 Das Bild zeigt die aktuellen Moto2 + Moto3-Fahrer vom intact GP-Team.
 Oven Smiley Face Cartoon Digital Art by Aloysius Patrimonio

- - - - - - -

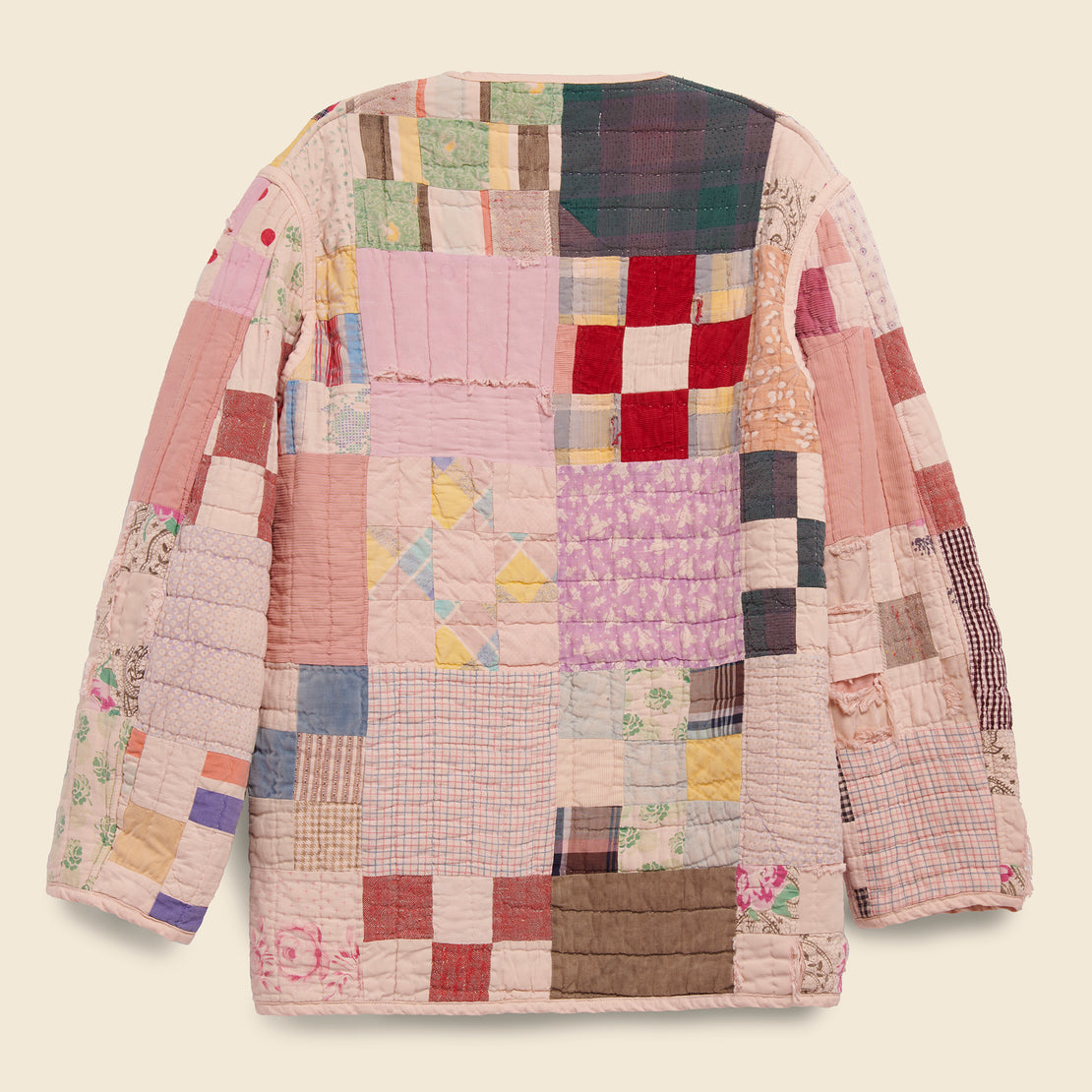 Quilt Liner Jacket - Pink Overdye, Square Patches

- - - - - - -

> [EXERCISE DIRECTIONS] Starting with the line above that holds "Das Bild zeigt" and stopping with the line that holds "Oven Smiley Face", reproduce each line exactly, omitting all other lines.

> [OUTPUT OF THE TASK]
 Das Bild zeigt die aktuellen Moto2 + Moto3-Fahrer vom intact GP-Team.
 Oven Smiley Face Cartoon Digital Art by Aloysius Patrimonio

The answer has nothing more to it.